> [Aim of the task]: Reproduce exactly the lines of this material that begin at the line with "Eladó panellakás, Székesfehérvárott" and end at the line with "Дмитрий Медведев и Игорь Шувалов", both included. Omit the pictures and everything else.

> [Exercise materials]:
....................
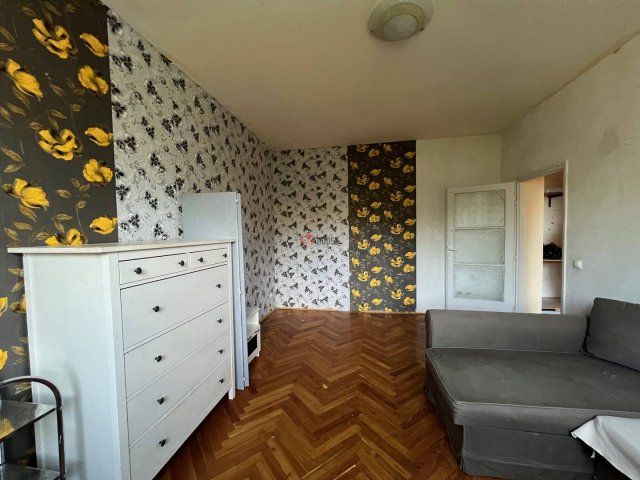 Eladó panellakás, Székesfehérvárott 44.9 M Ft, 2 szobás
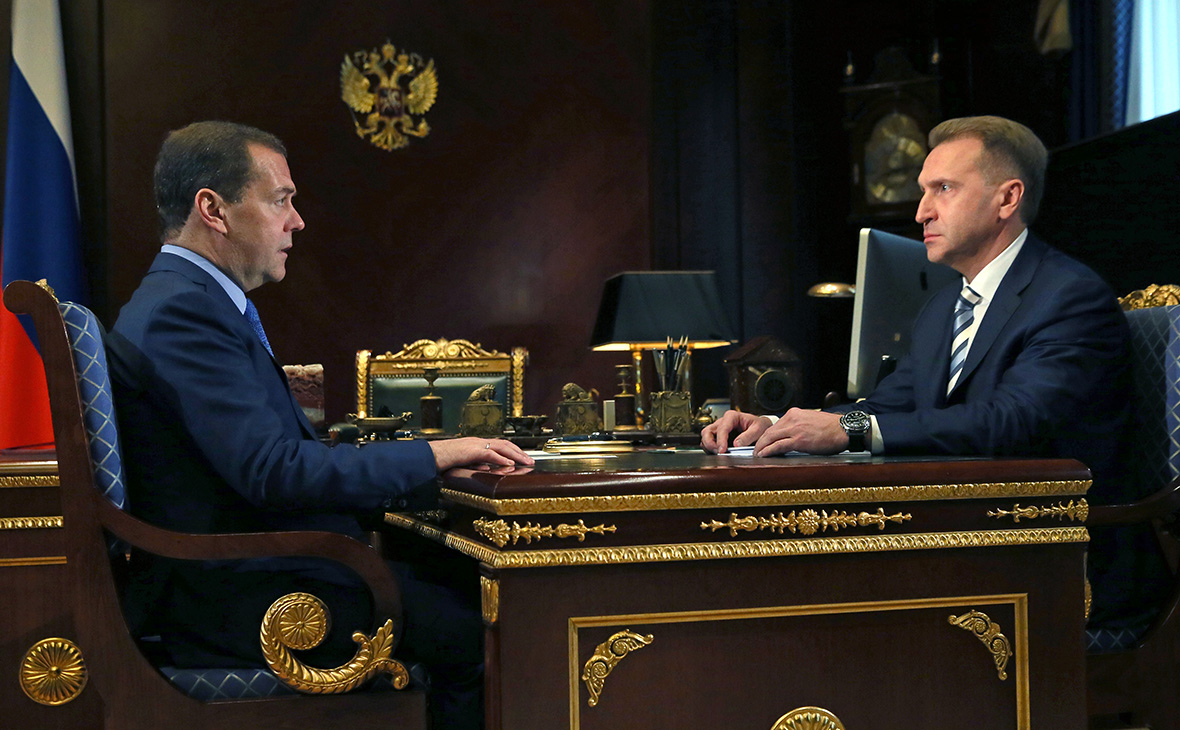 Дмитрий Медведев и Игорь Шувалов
....................
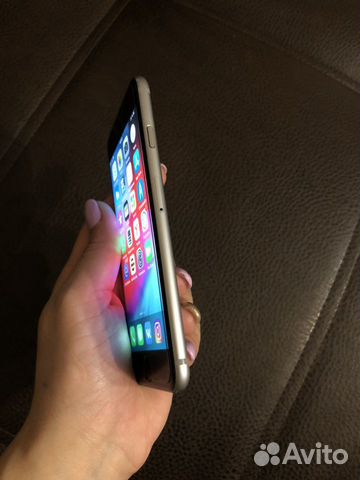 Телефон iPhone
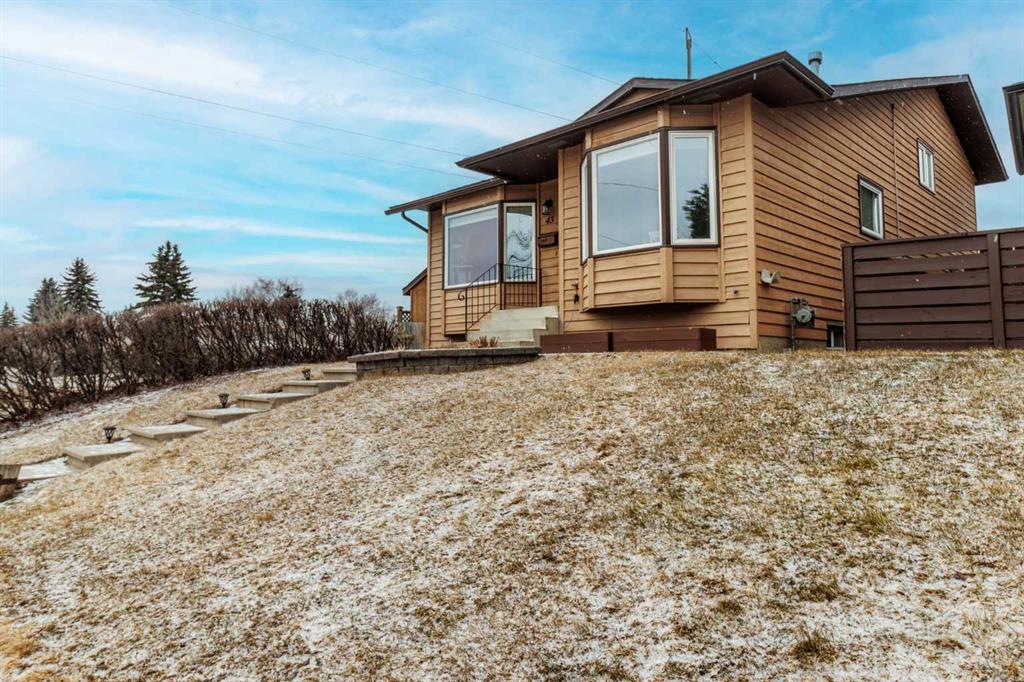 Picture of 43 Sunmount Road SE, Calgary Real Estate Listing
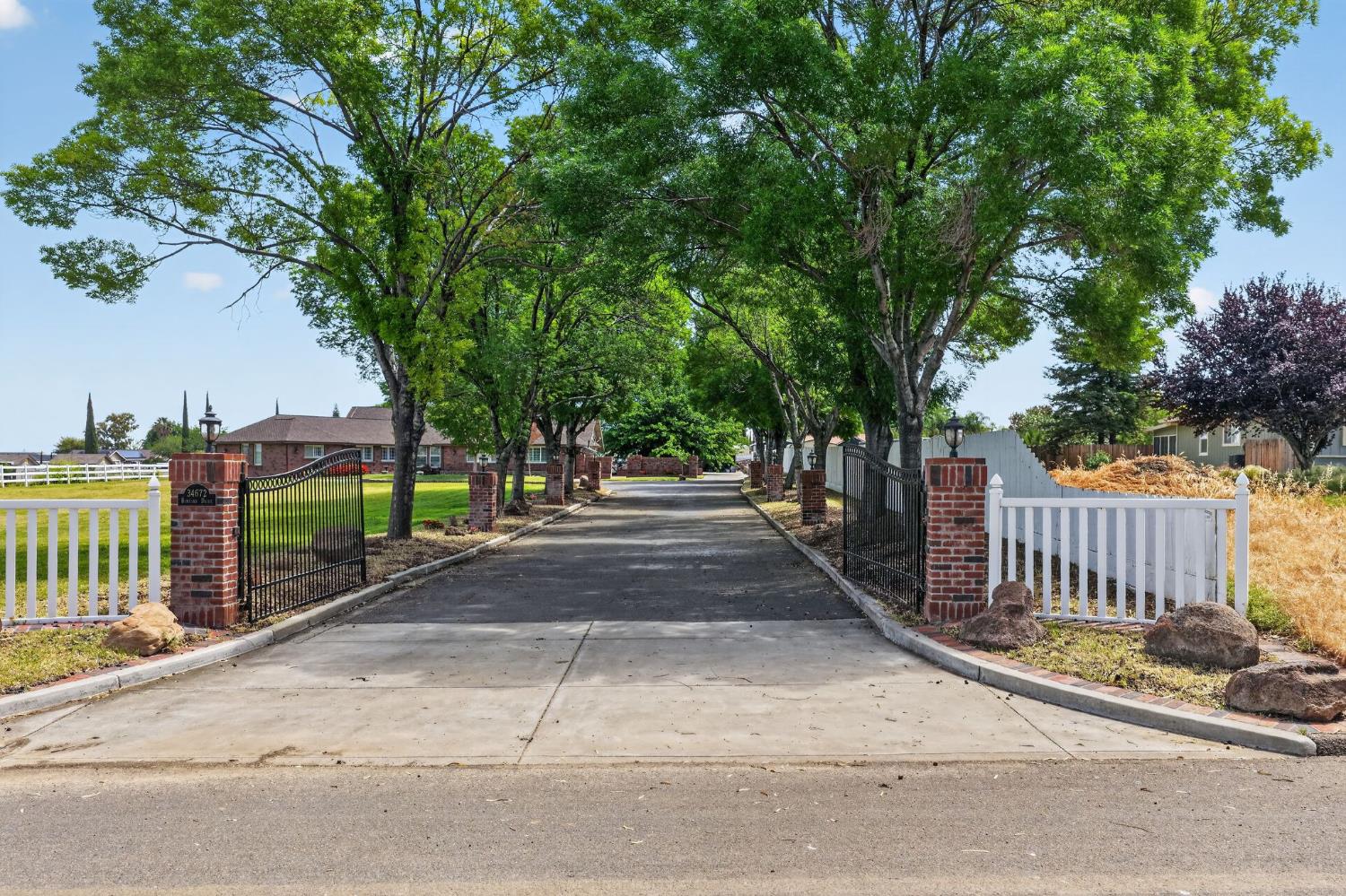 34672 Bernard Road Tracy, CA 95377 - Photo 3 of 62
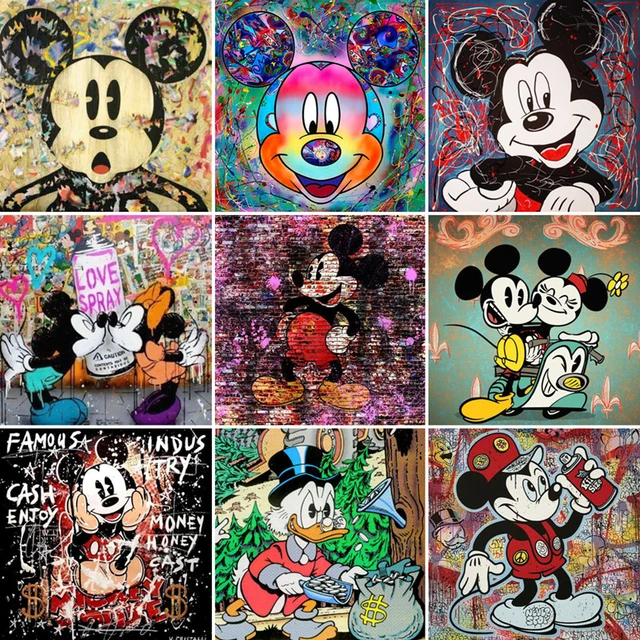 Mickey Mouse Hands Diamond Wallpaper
....................
> [Task solution]:
 Eladó panellakás, Székesfehérvárott 44.9 M Ft, 2 szobás
 Дмитрий Медведев и Игорь Шувалов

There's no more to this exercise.